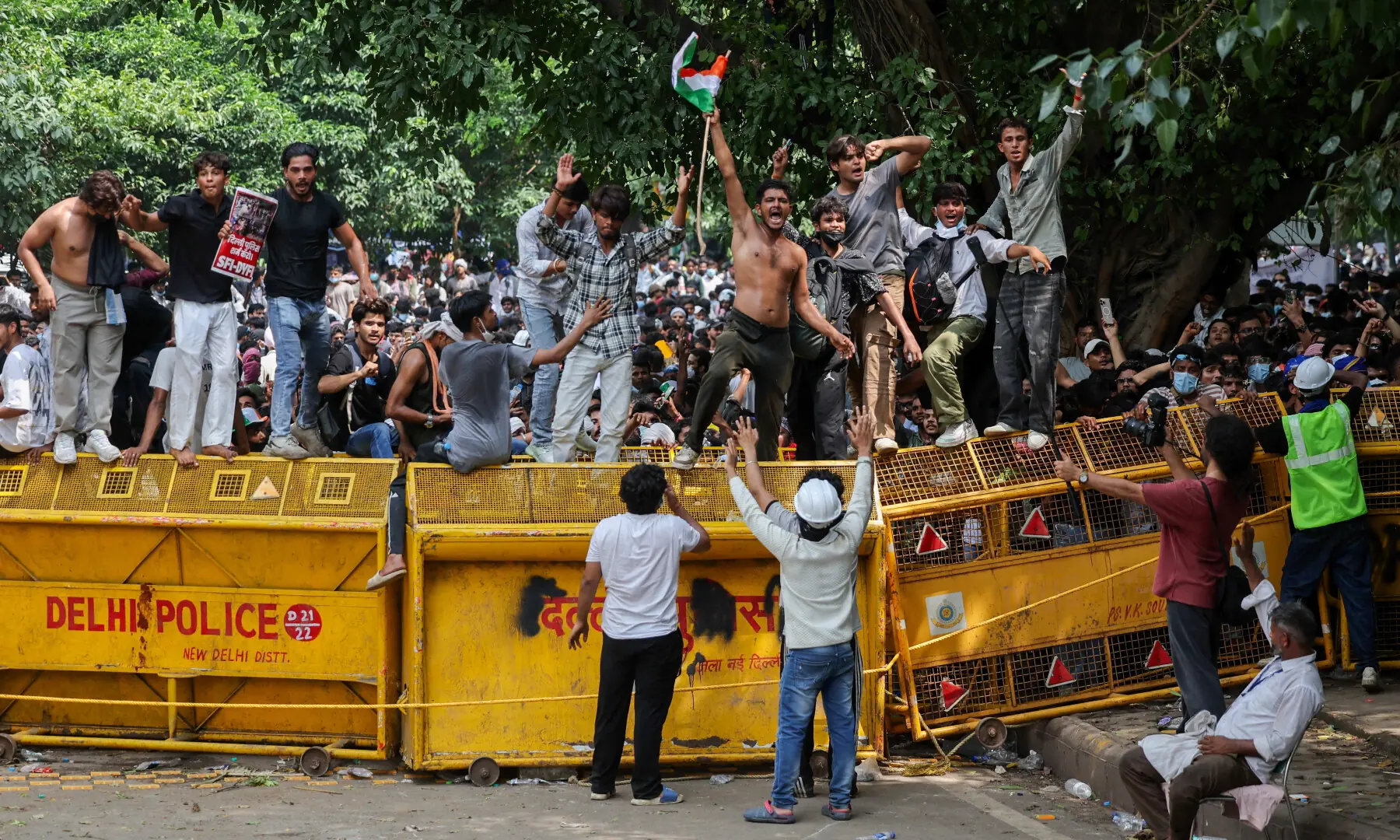  Supporters of India’s Cockroach Janta Party (CJP) celebrate after India’s Education Minister Dharmendra Pradhan resigned, at Jantar Mantar in New Delhi on July 25, 2026. — Reuters 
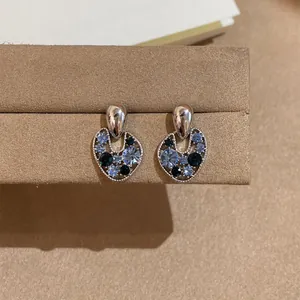 Retro hollow irregular stud earrings with blue and black crystals on display.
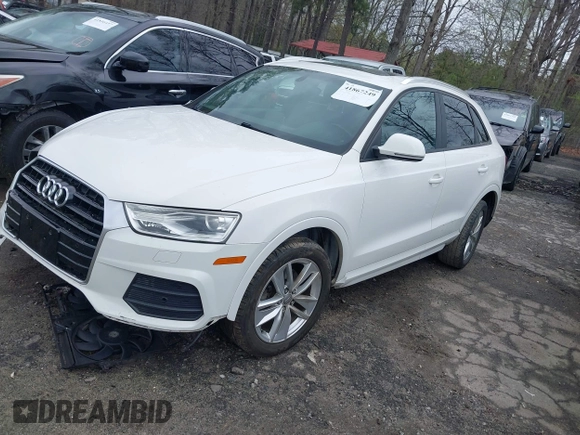 2017 Audi Q3 Premium z VIN WA1BCCFS2HR009908, wystawiony jako IAAI lot #41867249 z przebiegiem 116 804 mil mil oraz . Historia ofert i sprzedaży dostępna na DreamBid. Obrazek 16.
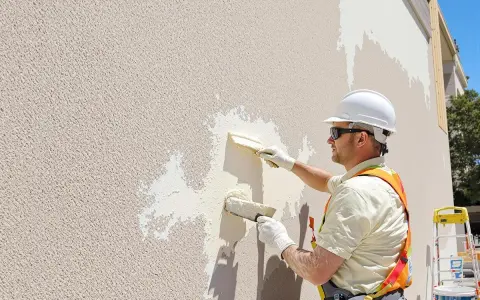 Un ouvrier en casque blanc applique un nouvel enduit extérieur sur un enduit existant, à l'aide de deux truelles.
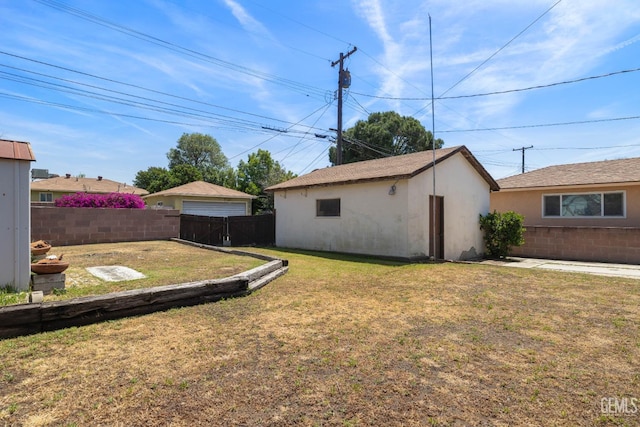 view of yard with a fenced backyard and an outdoor structure
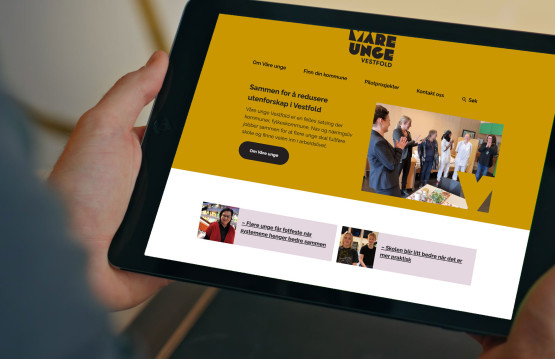 Person holder nettbrett med Våre unge-nettsiden synlig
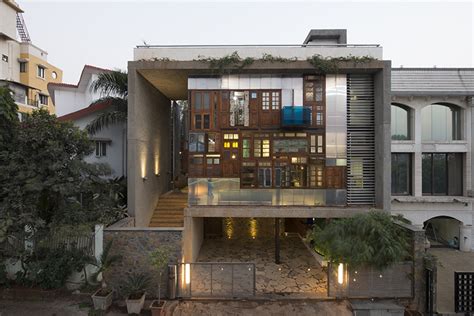 S+PSARCHITECTS adds recycled doors and windows to mumbai house façade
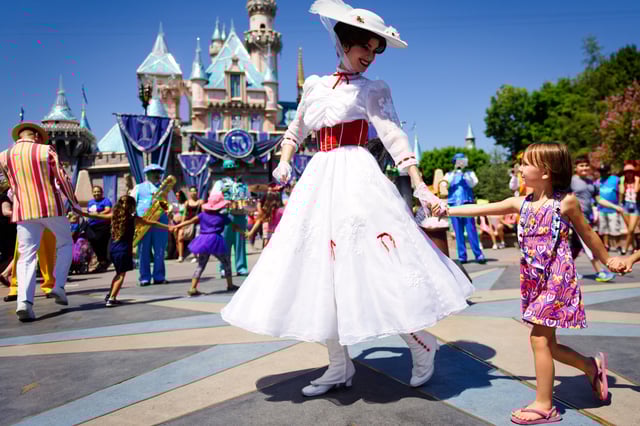 A woman dressed as Mary Poppins smiles at a young child as she leads a line of children in front of Cinderella&#39;s castle at Disneyland in California during Disney&#39;s 60th Diamond Celebration, August 10, 2016.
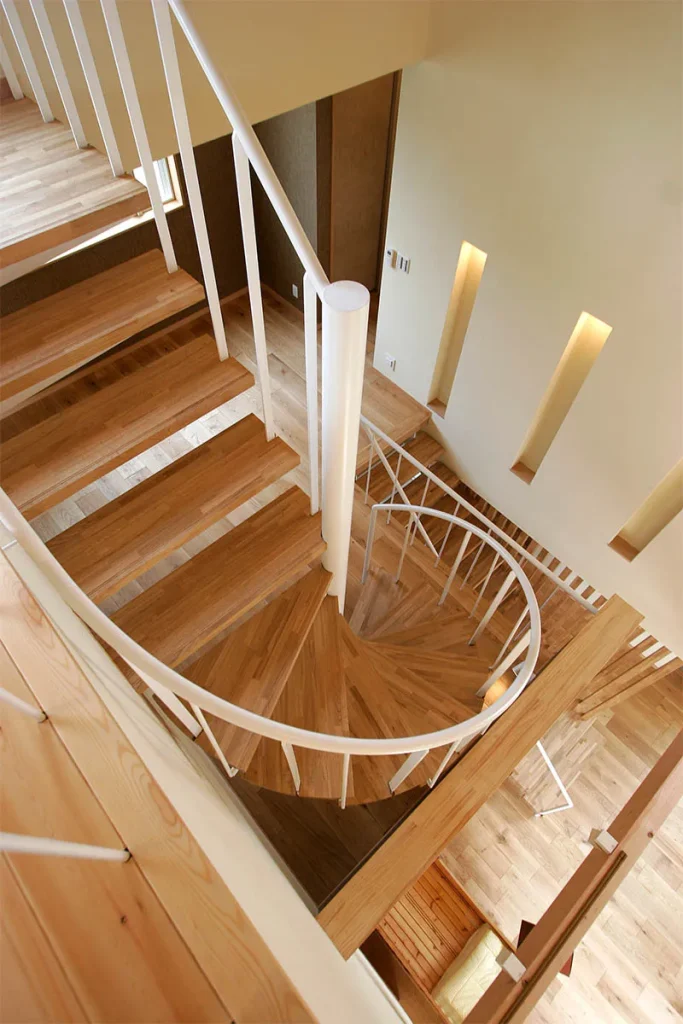 2階から3階へつながる螺旋階段。白の手すりで圧迫感を低減。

Prompt: Down to the last line, reproduce the material above exactly; skip its images.

Result:
  Supporters of India’s Cockroach Janta Party (CJP) celebrate after India’s Education Minister Dharmendra Pradhan resigned, at Jantar Mantar in New Delhi on July 25, 2026. — Reuters 
 Retro hollow irregular stud earrings with blue and black crystals on display.
 2017 Audi Q3 Premium z VIN WA1BCCFS2HR009908, wystawiony jako IAAI lot #41867249 z przebiegiem 116 804 mil mil oraz . Historia ofert i sprzedaży dostępna na DreamBid. Obrazek 16.
 Un ouvrier en casque blanc applique un nouvel enduit extérieur sur un enduit existant, à l'aide de deux truelles.
 view of yard with a fenced backyard and an outdoor structure
 Person holder nettbrett med Våre unge-nettsiden synlig
 S+PSARCHITECTS adds recycled doors and windows to mumbai house façade
 A woman dressed as Mary Poppins smiles at a young child as she leads a line of children in front of Cinderella&#39;s castle at Disneyland in California during Disney&#39;s 60th Diamond Celebration, August 10, 2016.
 2階から3階へつながる螺旋階段。白の手すりで圧迫感を低減。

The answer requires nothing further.